MATLAB: Does MLE return a different result than LOGNFIT when estimating the parameters of a lognormal distribution

Statistics and Machine Learning Toolbox

I am trying to fit a lognormal distribution to some data using LOGNFIT. Performing a maximum likelihood estimation of the corresponding parameters using MLE yields different results. In particular, the second parameter (standard deviation) is different.

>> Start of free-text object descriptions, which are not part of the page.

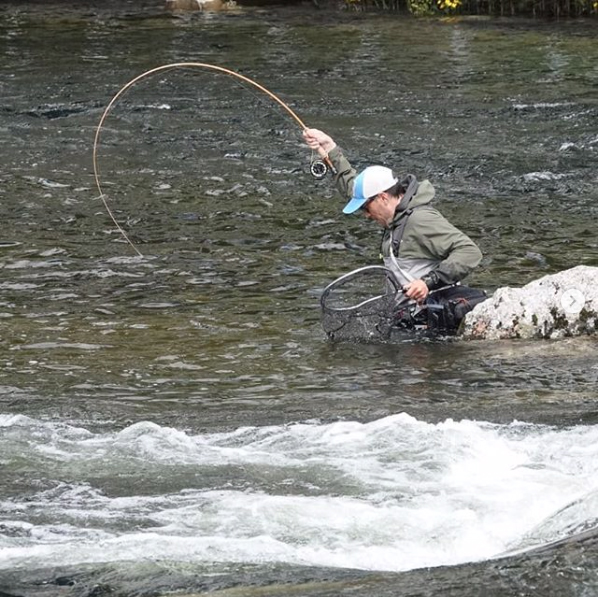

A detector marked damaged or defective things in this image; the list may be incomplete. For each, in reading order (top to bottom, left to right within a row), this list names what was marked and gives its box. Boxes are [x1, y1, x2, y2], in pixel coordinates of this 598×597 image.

bent fly rod [94, 61, 338, 255]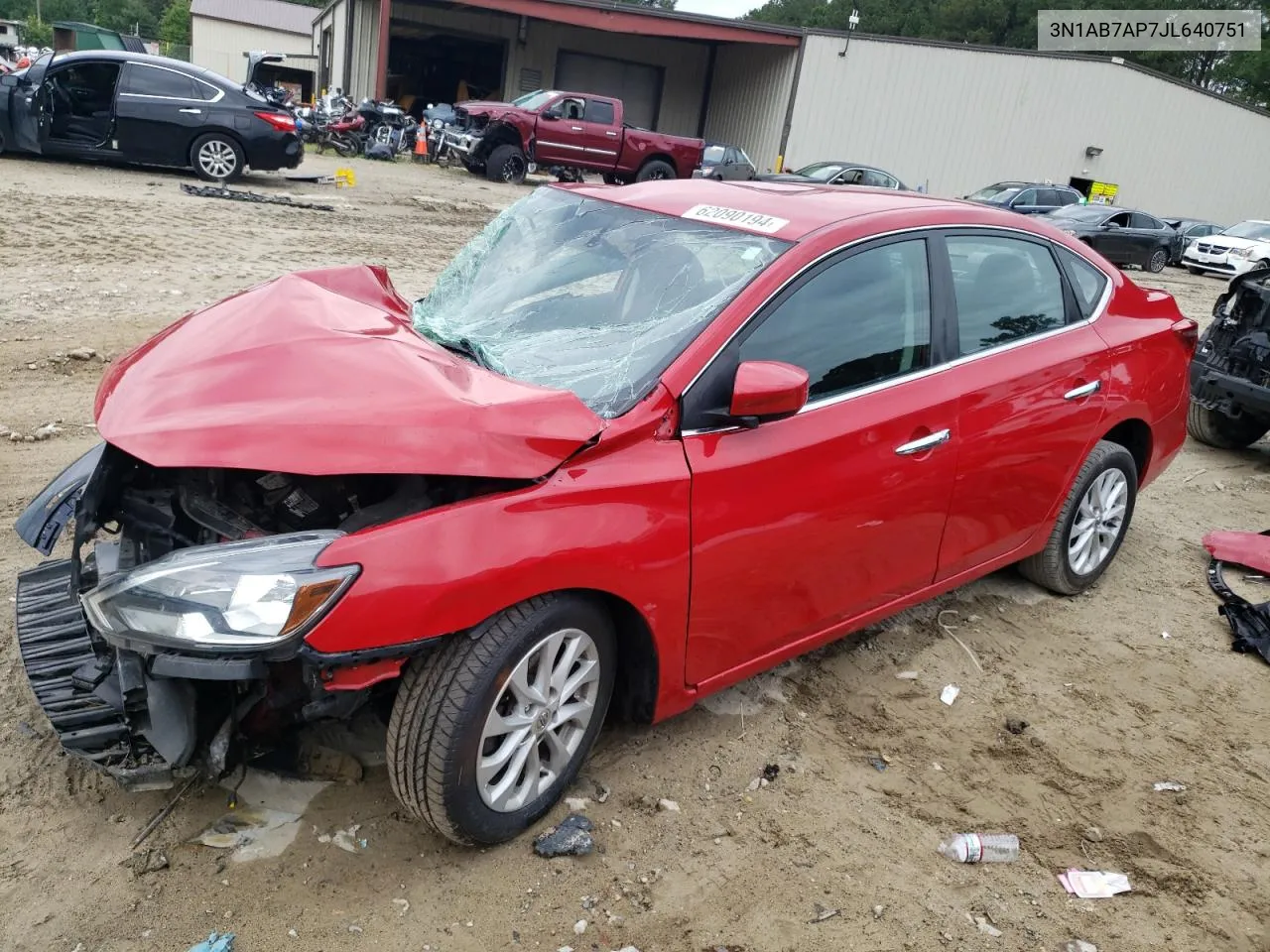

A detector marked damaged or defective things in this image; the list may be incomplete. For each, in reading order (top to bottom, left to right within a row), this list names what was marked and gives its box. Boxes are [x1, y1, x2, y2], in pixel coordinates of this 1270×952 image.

crumpled hood [96, 264, 603, 480]
broken plastic trim [413, 186, 790, 416]
shattered windshield [413, 187, 790, 418]
damaged black suv [1183, 266, 1270, 448]
torn bumper [16, 559, 199, 789]
damaged headlight [80, 532, 357, 651]
wrecked red sedan [15, 182, 1199, 845]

The following code illustrates the problem:
x = [2 3 4 5];
p = lognfit(x)
q = mle(x,'distribution','logn')
Notice the difference in the second return parameter:
p =
1.1969 0.3956
q =
1.1969 0.3426
I would like to know why the maximum likelihood estimate of the second parameter is different.

Best Answer

It is common practice to compute sigma^2 as SSE/(n-1), which is known as the "unbiased estimator" or MVUE (minimum-variance unbiased estimator) and where SSE represents the sum of squared errors. That's also what NORMFIT returns, because that's what users are often looking for. MLE computes sigma^2 as SSE/n, which is the actual maximum likelihood estimator. The corresponding correction of the second parameter estimate is performed in mle.m as follows:
phat = [phat(1) phat(2).*sqrt((n-1)./n)]; % turn sigma into MLE
so as to return the maximum likelihood estimate of sigma (the second parameter), namely sqrt(SSE/n).